Thursday, March 26, 2026

Loading and Processing JSON with PL/SQL

This blog is part of a series about aspects and features of Oracle 26 and Autonomous Transaction Processing Database.

"JSON (JavaScript Object Notation) is a text-based format for storing and exchanging data in a way that’s both human-readable and machine-parsable. … it has grown into a very capable data format that simplifies data interchange across diverse platforms and programming languages."

I have created a demo project that integrates Strava (an app that tracks athletes' activities – in my case, cycling) with an Oracle Autonomous database that does some spatial data processing.  The Strava APIs all return data in JSON.  My application, written in PL/SQL, parses those messages.

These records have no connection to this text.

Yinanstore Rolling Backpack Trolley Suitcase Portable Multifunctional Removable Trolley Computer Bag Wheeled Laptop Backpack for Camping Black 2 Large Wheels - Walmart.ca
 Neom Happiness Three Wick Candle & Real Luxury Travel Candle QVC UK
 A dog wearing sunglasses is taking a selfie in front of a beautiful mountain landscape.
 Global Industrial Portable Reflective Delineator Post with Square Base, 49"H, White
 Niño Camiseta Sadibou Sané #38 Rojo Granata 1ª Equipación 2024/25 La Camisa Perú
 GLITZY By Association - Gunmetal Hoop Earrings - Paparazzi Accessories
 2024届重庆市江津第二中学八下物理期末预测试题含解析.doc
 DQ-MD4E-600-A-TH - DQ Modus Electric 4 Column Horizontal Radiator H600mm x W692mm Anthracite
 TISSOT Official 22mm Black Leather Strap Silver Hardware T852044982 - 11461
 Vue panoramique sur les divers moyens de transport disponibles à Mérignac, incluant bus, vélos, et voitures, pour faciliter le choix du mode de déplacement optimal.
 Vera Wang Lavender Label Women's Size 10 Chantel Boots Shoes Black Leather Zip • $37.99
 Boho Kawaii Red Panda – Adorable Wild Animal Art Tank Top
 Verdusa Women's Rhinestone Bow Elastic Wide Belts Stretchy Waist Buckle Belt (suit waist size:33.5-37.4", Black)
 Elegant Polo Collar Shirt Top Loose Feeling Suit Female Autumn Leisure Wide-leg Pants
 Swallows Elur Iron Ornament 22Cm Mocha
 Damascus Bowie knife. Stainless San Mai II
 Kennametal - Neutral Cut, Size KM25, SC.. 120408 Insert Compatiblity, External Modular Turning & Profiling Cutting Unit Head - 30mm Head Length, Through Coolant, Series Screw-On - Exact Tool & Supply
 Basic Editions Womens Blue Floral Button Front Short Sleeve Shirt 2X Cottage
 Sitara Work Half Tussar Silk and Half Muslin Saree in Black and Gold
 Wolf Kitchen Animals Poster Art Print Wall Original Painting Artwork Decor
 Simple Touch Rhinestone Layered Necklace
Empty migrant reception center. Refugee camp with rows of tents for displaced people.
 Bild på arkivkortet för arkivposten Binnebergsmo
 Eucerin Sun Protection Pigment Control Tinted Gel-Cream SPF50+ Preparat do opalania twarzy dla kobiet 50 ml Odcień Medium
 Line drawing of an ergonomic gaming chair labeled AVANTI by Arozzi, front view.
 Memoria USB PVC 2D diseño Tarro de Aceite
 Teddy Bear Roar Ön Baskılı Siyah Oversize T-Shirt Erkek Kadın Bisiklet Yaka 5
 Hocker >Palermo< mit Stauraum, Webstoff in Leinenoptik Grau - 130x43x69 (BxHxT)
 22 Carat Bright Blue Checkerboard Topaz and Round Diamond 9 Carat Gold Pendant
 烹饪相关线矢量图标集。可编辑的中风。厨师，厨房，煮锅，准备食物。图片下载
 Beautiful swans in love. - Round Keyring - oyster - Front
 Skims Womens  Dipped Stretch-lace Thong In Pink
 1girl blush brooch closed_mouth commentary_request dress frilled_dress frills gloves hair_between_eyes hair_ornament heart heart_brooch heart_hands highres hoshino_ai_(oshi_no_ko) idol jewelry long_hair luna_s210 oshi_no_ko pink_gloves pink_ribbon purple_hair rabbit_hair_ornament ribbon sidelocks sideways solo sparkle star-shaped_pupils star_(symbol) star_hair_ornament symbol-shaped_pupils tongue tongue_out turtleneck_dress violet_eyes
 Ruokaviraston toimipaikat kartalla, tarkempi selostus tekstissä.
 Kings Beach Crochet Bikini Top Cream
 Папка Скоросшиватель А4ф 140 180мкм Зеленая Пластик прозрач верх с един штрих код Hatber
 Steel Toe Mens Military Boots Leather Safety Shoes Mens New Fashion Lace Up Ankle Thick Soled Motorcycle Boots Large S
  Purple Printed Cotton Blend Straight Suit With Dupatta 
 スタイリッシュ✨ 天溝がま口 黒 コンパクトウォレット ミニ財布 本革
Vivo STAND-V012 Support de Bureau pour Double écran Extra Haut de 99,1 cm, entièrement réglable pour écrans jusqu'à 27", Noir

Mostly, I want to hold that data in a regular database table, structured conventionally in reasonably named columns.  In different places, I have loaded that JSON data in different ways, depending on requirements and circumstances.  There are three options to choose from:
  1. Directly through a JSON Duality View
  2. Convert each name-value pair in explicit code
  3. Extract Values from JSON in Virtual Columns

Directly through a JSON Duality View

Oracle introduced JSON Relational Duality in Oracle 23ai.  A JSON duality view is a mapping between table data and JSON documents.  It is possible to extract data from a table as a JSON document simply by querying a duality view based on that table.  It is also possible to insert data into the table through the duality views.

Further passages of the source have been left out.